8.4 Visual Attention for Image Retargeting

One popular application of visual attention models is image retargeting. The traditional image resizing method is to scale images by down-sampling uniformly. The problem with image scaling is that it will result in worse viewing experience and loss of some detailed information as the salient objects become smaller. Image cropping is an alternative solution which preserves the ROI in images by discarding other non-interest regions. The defect of this technique is that the context information in images will be lost [51, 52]. To overcome the limitations of image scaling and cropping, many effective image retargeting algorithms [53–63] have been proposed. In these algorithms, the content awareness is taken into consideration and a visual significance map is designed for measuring the visual importance of each pixel for the image resizing operation. The visual significance maps used in these algorithms are generally composed of a gradient map, a saliency map and some high-level feature maps such as facial map, motion map and so on [53–63]. In existing image retargeting algorithms, the saliency map can be used to measure the visual importance of image pixels for image resizing operations. This section will introduce a saliency-based image retargeting algorithm in the compressed domain [60]. This image retargeting algorithm adopts the saliency map in the compressed domain to measure the visual importance of image pixels for image resizing [60]. The visual attention model in the compressed domain [60] was introduced in Chapter 4.

8.4.1 Literature Review for Image Retargeting

In the past few years, various advanced image retargeting algorithms have been proposed. Avidan and Shamir proposed the popular image retargeting algorithm called seam carving [53]. A seam is defined as an eight-connected path of low-energy pixels (from top to bottom or left to right) in images. These pixels include only one pixel in each row or column. The seam carving aims at reducing the width (or height) by removing those unimportant seams. A gradient map is used to determine the importance of each pixel in images. Later, Rubinstein et al. extended this algorithm to video retargeting by introducing the forward energy method [54]. Some similar algorithms have also been designed, based on seam carving [55, 61].

Other advanced image retargeting algorithms have also been proposed. Wolf et al. introduced a video retargeting algorithm through introducing a linear system to determine the new pixel position [56]. In this study, the visual importance of each image pixel is measured by the visual importance map composed of local saliency detection, face detection and motion detection. Ren et al. proposed an image retargeting algorithm based on global energy optimization, in which the saliency map and face detection are combined to determine the visual importance of each image pixel [57]. Jin et al. presented a content-aware image resizing algorithm through warping a triangular mesh over images by regarding salient line features and curved features as important regions [62]. Guo et al. suggested an image retargeting algorithm through utilizing saliency-based mesh parameterization [63].
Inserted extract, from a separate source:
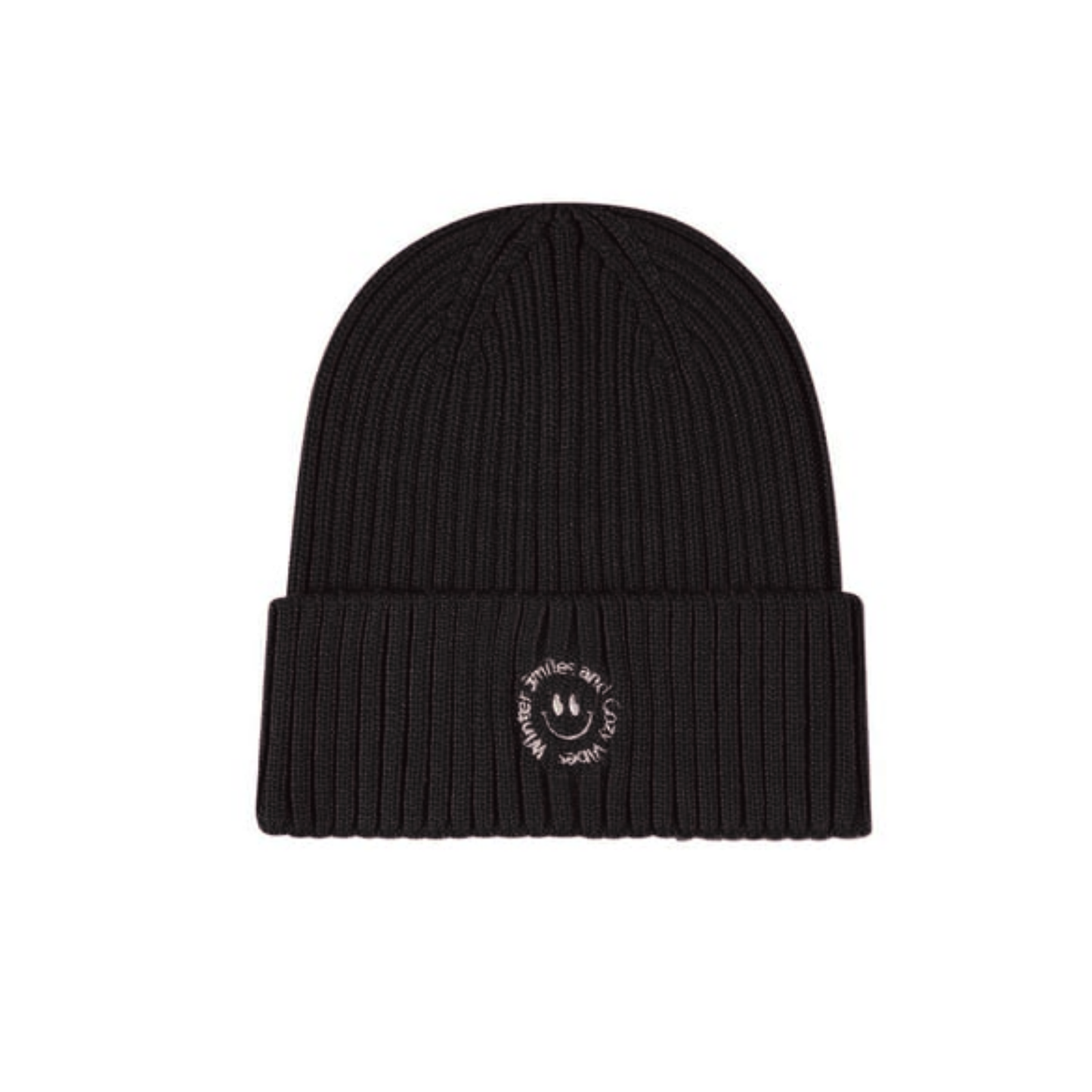 Memoi Black Winter Smiles Cuffed Beanie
Recently, Rubinstein et al. conducted a user study and found that applying multioperators (such as seam carving, cropping and so on) can obtain better results than those from only a single operator in image retargeting [58]. In this study, the authors proposed a multioperator media retargeting algorithm which combines seam carving, scaling and cropping operators to resize images. The amount of sizing for each operation is determined by optimal result for maximizing the similarity between the input image and the retargeted image. In [59], Dong et al. introduced an image retargeting algorithm by combining seam carving and scaling. The authors utilized a bidirectional similarity function of image Euclidean distance, a dominant colour descriptor similarity and seam energy variation to determine the best number of seam carving operations.
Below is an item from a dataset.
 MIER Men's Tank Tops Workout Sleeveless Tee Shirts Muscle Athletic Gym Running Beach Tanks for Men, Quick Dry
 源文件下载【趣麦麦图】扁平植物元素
All these image retargeting algorithms are implemented in the spatial domain, but images over the internet are typically stored in the compressed domain of JPEG. Compressed JPEG images are widely used in various internet-based applications, since they reduce the storage space and increase the download speed. In order to extract features from the compressed JPEG images, the existing image retargeting algorithms have to decompress these JPEG images from the compressed domain into the spatial domain. The full decompression from these image retargeting algorithms is both computation- and time-consuming. Compared with the existing image retargeting algorithms which operate in the uncompressed domain, it is crucial to design efficient image retargeting algorithms in the compressed domain. In this chapter, an image retargeting algorithm in the compressed domain is introduced, which is designed based on the saliency detection model in the compressed domain [60]. The multioperators including block-based seam carving and image scaling are used to perform image resizing.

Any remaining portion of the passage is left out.